SUPPLIED DATA: Begin
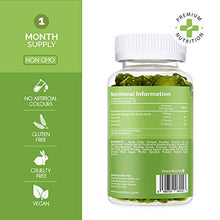 Load image into Gallery viewer, Apple Cider Vinegar Gummies - with The Mother – Vegan - High Strength Apple Cider Vinegar Gummies - ACV Enhanced with Vitamin B12 B6 and D - Made by Novomins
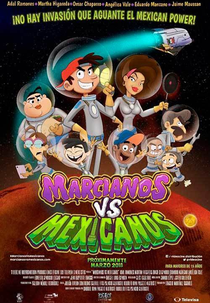 Marcianos vs. Mexicanos (Marcianos vs. Mexicanos)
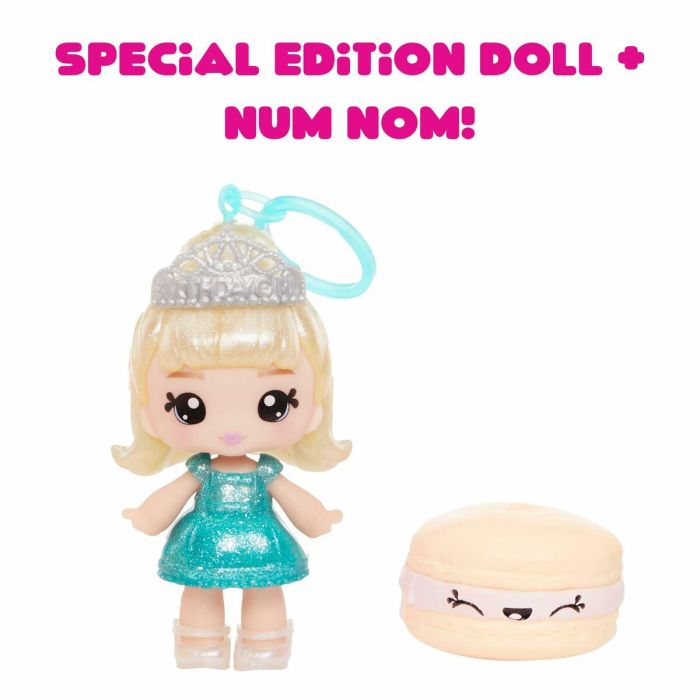 L.O.L. Surprise! LIT35051546733 Juego de Neceser con Muñeca y Brillo de Labios Cupcake 6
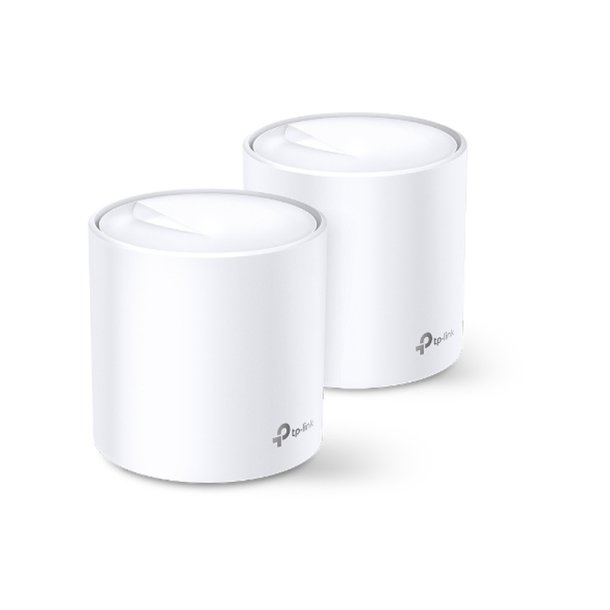 TP-Link Deco X20 (2-pack) Mesh Wi-Fi-systemer - Mesh-system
SUPPLIED DATA: End
**DIRECTIONS FOR THIS TASK**
With the pictures omitted, copy exactly the lines from the line that contains "L.O.L. Surprise! LIT35051546733" through the end of the material.

**WRITTEN SOLUTION**
 L.O.L. Surprise! LIT35051546733 Juego de Neceser con Muñeca y Brillo de Labios Cupcake 6
 TP-Link Deco X20 (2-pack) Mesh Wi-Fi-systemer - Mesh-system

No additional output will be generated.